I am looking at a cooler unit now so I can run in the summer.


----------



## jags (Dec 7, 2012)

Nice looking build, Walkerdog. You may want to consider boxing in the end of the beam as well as gussets. At 12" tall I am betting that you will see some twist on the beam.

And a lift or hoist is gonna be a must for that beast. You won't feel "whole" until you do it.:msp_biggrin:


----------



## walkerdogman85 (Dec 8, 2012)

Well I haven't had much time to work on the build been busy with my kids but thankfully my buddy has been working on it he got the motor running now all we need is to shim the pump and get hoses
















hopefully the video works


----------



## walkerdogman85 (Dec 8, 2012)

http://static.photobucket.com/playe...38/walkerdogman85/2012-12-07_19-47-50_578.mp4


----------



## walkerdogman85 (Dec 10, 2012)

btt


----------



## walkerdogman85 (Dec 15, 2012)

ready for hoses!!!


----------



## OH_Varmntr (Dec 15, 2012)

Looks awesome so far! Don't worry, that is a hydraulic tie-rod cylinder, not a pneumatic cylinder.
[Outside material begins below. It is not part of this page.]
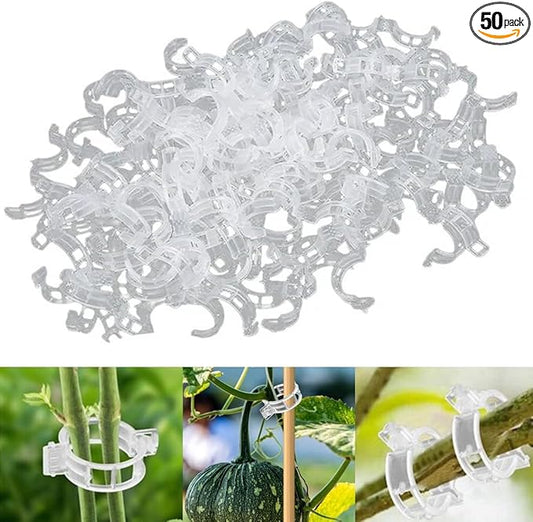 50 PCS Secured Plastic Plant Clip, Plant Support Clips, Garden Clips for Climbing Plants, Plastic Trellis Clips Plant Support Clips Tomato Grape Vine Vegetables Plant Fixing Clips (50, White)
We've only got a 20" stroke splitter and want to make a bigger one but our I-beam is only long enough for a 20" stroke cylinder.


----------



## walkerdogman85 (Jan 29, 2013)

we made the hitch last night and put the jack on it we are taking to have hydraulic hoses made for it tonight it should be ready tomorrow then all we have to do is shim our pump weld the hydraulic tank fill lid on and verify stroke with our wedge placement then weld it down. Then we have to brace up the beam under the wedge and we should be able to test. His neighbor just had a hickory tree cut down so that should be able to tell us if its going to work or not lol. we have to come up with a lift still I believe we are goign to use a jib hoist with electric winch. and suggestion on how we should do that? I got a new phone so ill try and take pics asap. Also we got a new set of hubs to put on and mabye some fenders


----------



## triptester (Jan 29, 2013)

I like to bolt the lid on the hydraulic tank so the tank can be inspected or cleaned inside.


----------



## walkerdogman85 (Jan 30, 2013)

Well we got the hoses on and our pump mounted up and our hydraulic tank fill cap welded on. Got the choke and throttle cables mounted but not hooked up hopefully tomorrow we will have it running. We still have to weld some supports under the wedge but we are closer than ever now!


----------



## jags (Jan 31, 2013)

Generally, you don't see the return to the tank dump above the fluid level. It can cause the fluid to foam. Hopefully this is not an issue for you.


----------



## john taliaferro (Jan 31, 2013)

Weld a table on to stage splits and logs on .Put a pad on top of the fenders ,that sucker is gonna work your tail off and a soft place gonna feel good. What color ?.


----------



## Kevin in Ohio (Jan 31, 2013)

I know it was mentioned before but keep an eye on your temps. With a 16 GPM pump or bigger you'll be basically cycling the entire amount of fluid 3 times every minute at speed. Couple that with quite a few hard 90's I see, it's going to get warm in a hurry. Keep it up, You're getting close!


----------



## walkerdogman85 (Jan 31, 2013)

thanks fellows the return was just what we had and the guy that made the hoses made that one too long so the 90 is what we had to use. i am not sure if the pump size so i will be paying close attention to the fluid temps as we go we can probably find a bigger tank. the table is in the works we just have to bring the steel home yet we just want to get it going so we can make sure that it will even go. using used parts we arent sure lol! but if all goes well we need to put fenders on it and a jib hoist, more bracing and i am sure something else will nedd replaced when we fire it up. As far as color we are not sure what to paint it yet and suggestions? I an picking up new hubs tomorrow for it now i need to find some rims. ill be sure in post our progress and a video of it going thank you michael west


----------



## walkerdogman85 (Jan 31, 2013)

Ok here is a video of it making first split on a piece of pine thats because I just had the wedge tacked on. It moves slow but it is cold out in the teens and fluid moved like molasses it all worked and started to move a bit faster but we had to shut it down do to an error I made. When I put he love joy Half on the pump there were two different size key ways in it and I put it on the larger one and it came loose causing the spider to be torn to pieces and the seal around the pump shaft to leak. Hopefully we can just redo and be ok with out replacing seals. Also the motor governor is giving us trouble as it cut the motor out under load so there is some tuning to be done there but over all we are please that it all functions but speed is slow so am he an upgrade to the pump will happen!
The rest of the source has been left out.